Google has announced its agreement to acquire Nest Labs Inc., a U.S.-based manufacturer of smart home devices, for US $3.2 billion in cash. Among Nest’s products are internet-connected thermostats and smoke/carbon monoxide alarms. Nest will continue to be led by co-founder and CEO Tony Fadell, maintain its brand identity, and bring its team to Google. The transaction is expected to close within the next few months, subject to customary closing conditions, including U.S. regulatory approval.
Tarifica’s Take
Spending a large sum of cash money to acquire a startup is a bold move on Google’s part, but one that is in keeping with its ambitions to extend itself more and more deeply into the fabric of everyday life, specifically by way of hardware (the launch of Google Glass and the acquisition of Motorola Mobility are previous examples). While it only consists of two systems, Nest’s product line embodies the “internet of things” concept that has been gaining ground recently. It seems to us that the route to success with this concept is to provide services that go beyond the merely gimmicky to deliver a high level of practicality. The Nest Learning Thermostat and Nest Protect, by allowing consumers to monitor and control key home functions from anywhere a cellular connection exists, would appear to meet that criterion.

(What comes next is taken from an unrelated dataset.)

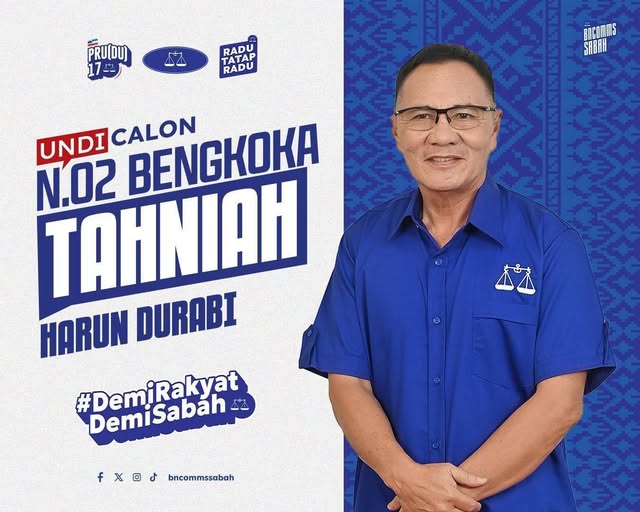 Datuk Harun Durabi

While some in the industry have speculated that Google is doing this deal just to get Mr. Fadell, a former designer at Apple, it seems much more likely that the primary motivation was to gain an early foothold in a technological field that stands to grow dramatically over the coming years. If it prospers, mobile operators will also want to get involved in ways beyond simply deriving revenue from the resulting data usage. AT&T has already made a move with AT&T Digital Life, a customizable home security and automation service. For MNOs in general, competing with Google is an option (depending on the size of the MNO), as is partnering with the company to co-brand and integrate existing systems.